Pensar no discurso como fator de mudança social do ponto de vista da tradução requer a inserção de um “terceiro” elemento nas relações de poder: a pessoa tradutora. Tal inserção suscita questões fundamentais continuamente discutidas pelos Estudos da Tradução, particularmente aquelas relacionadas a fidelidade, invisibilidade, neutralidade e orientação (trazer o texto ao leitor, ou o leitor ao texto) da tradutora. Tradutoras exercem função primariamente mediadora. Ao atuar sobre o texto, será que paralelamente contribuem para a construção de identidades e relações sociais? Será que afetam o campo ideacional de uma comunidade, contribuindo para o enriquecimento de seu arcabouço de ideias e conhecimentos?
Interessa notar que durante o período imperial, a tradutora no Brasil era legalmente o autor do texto traduzido. Embora as leis de direitos internacionais sobre propriedade intelectual tenham mudado isso, recuperar esse fato pode ser útil para refletir em até que ponto a tradutora pode ser vista como elemento neutro nas relações de discurso. Para mim, ela seria tão neutra quanto um corredor em uma corrida de bastão: os movimentos do corredor, não o impotente bastão chamado texto, nem a pista por onde ele é levado, são o que ganha a corrida. É evidente que o discurso no texto tem o poder de produzir mudanças sociais, mas isso somente se seus receptores o puderem compreender. A tradutora exerce a função mediadora ativa que tem o poder de moldar e mudar o social.
Fairclough fala do discurso como prática política e ideológica.
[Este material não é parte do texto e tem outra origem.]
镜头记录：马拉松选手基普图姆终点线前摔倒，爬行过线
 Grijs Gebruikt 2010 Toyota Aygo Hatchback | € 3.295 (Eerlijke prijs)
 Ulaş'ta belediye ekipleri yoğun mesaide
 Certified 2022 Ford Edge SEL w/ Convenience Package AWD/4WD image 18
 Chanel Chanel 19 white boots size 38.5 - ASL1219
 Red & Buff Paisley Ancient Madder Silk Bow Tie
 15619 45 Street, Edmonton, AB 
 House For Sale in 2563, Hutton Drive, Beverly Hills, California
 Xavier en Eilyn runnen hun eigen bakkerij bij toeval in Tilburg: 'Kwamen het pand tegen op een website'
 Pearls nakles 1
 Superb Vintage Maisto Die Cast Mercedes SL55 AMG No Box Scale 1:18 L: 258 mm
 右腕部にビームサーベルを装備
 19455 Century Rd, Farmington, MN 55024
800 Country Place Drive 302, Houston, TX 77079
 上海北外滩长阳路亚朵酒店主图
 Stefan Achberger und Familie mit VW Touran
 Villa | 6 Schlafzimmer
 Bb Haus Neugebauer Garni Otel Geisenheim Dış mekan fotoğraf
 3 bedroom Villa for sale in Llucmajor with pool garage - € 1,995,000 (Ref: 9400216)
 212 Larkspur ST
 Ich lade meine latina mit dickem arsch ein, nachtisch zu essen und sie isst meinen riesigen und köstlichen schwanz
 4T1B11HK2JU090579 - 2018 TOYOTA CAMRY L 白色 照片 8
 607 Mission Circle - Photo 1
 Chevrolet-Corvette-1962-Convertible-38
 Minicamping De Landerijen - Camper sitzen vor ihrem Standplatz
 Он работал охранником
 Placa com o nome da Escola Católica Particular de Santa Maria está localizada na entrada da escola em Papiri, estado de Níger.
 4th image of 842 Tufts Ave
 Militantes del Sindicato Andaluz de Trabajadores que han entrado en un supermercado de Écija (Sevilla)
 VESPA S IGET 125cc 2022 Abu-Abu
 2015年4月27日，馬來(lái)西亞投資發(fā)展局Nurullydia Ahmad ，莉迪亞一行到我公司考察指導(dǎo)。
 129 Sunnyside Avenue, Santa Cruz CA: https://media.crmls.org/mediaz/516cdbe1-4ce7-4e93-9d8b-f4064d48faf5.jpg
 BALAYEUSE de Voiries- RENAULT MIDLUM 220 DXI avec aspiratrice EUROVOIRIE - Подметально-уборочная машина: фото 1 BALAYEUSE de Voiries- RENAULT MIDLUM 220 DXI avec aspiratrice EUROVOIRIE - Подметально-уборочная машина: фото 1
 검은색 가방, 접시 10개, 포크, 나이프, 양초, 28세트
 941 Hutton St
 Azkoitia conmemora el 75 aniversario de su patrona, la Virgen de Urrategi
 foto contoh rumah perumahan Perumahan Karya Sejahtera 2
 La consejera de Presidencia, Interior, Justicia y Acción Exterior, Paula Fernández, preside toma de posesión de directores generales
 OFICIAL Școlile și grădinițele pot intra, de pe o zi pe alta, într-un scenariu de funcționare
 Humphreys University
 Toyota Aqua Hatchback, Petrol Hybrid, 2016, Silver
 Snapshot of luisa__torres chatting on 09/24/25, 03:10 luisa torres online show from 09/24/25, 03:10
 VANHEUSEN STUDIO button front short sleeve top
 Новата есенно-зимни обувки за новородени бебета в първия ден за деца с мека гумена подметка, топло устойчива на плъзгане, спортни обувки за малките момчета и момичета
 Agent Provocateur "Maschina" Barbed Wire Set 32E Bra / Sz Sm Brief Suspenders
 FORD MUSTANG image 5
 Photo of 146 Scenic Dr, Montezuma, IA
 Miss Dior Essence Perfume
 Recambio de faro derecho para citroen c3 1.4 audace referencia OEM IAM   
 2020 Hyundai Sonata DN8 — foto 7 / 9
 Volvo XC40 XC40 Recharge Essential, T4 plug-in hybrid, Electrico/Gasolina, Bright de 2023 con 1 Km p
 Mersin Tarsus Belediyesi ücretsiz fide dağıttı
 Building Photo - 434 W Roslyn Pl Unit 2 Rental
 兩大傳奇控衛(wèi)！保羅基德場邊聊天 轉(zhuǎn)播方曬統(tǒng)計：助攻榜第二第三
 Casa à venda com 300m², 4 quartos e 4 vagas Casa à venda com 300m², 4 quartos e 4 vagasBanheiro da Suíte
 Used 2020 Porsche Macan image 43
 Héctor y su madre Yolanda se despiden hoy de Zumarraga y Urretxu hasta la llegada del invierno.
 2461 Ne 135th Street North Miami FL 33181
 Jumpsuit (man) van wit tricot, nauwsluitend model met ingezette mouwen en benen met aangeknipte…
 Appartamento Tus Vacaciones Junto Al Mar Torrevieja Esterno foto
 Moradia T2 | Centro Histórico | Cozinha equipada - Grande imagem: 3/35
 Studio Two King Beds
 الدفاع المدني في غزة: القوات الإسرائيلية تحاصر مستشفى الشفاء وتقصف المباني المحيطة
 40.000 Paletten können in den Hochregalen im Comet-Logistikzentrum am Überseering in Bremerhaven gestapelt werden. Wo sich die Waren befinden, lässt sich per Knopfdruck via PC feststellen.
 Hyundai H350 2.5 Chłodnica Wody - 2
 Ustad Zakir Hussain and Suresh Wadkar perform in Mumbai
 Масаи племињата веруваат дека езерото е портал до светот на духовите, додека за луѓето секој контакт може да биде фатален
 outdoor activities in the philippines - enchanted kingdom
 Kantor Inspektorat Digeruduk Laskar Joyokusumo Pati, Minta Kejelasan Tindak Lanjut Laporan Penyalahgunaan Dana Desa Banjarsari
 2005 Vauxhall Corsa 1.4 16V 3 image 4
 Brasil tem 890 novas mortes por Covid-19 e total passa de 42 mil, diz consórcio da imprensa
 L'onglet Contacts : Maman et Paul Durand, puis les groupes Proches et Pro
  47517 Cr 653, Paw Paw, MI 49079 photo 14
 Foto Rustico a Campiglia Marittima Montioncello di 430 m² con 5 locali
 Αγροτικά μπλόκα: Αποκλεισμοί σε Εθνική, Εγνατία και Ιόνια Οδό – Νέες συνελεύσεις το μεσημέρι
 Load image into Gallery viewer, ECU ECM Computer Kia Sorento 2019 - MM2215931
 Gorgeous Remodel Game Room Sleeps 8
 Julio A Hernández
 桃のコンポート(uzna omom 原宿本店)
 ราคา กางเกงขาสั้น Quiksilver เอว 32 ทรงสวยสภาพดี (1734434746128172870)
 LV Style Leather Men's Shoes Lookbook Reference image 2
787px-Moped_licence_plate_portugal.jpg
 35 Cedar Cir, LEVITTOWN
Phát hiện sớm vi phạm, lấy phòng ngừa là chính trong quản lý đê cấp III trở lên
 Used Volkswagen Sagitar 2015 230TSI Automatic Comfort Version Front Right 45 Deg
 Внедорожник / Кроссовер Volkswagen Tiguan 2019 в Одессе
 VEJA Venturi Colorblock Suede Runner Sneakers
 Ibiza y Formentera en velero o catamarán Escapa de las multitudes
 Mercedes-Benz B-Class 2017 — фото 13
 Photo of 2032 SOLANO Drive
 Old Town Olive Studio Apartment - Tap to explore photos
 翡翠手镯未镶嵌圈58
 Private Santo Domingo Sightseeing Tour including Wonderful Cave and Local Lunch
Ao aceitar o desafio de assimilar uma mensagem codificada e entregá-la a receptores em um novo código, a tradutora é agente político, no sentido de estabelecer relações de poder, e agente ideológico que cria sentidos a partir daquelas relações. Se pensarmos em níveis elevado e baixo de intervenção da tradutora sobre o texto-fonte e, consequentemente, sua influência sobre seus receptores na língua alvo, a metáfora do corredor na corrida de bastão corresponderia ao nível elevado: as construções e desconstruções da tradutora são imanentes do ato tradutório. O nível baixo de intervenção estaria associado às escolhas tradutórias, feitas conscientemente ou não. Assim como o pintor que altera o humor de sua obra com variações tênues nos tons das cores, por meio de pinceladas imperceptíveis no todo, ou o músico que aplica o mesmo efeito às suas composições pela escala que utiliza, pelos intervalos e por uma infinidade de outros recursos, a tradutora carrega o texto traduzido de nuanças de sentidos que se originam de sua cultura e que nela têm impacto. Ouroboros!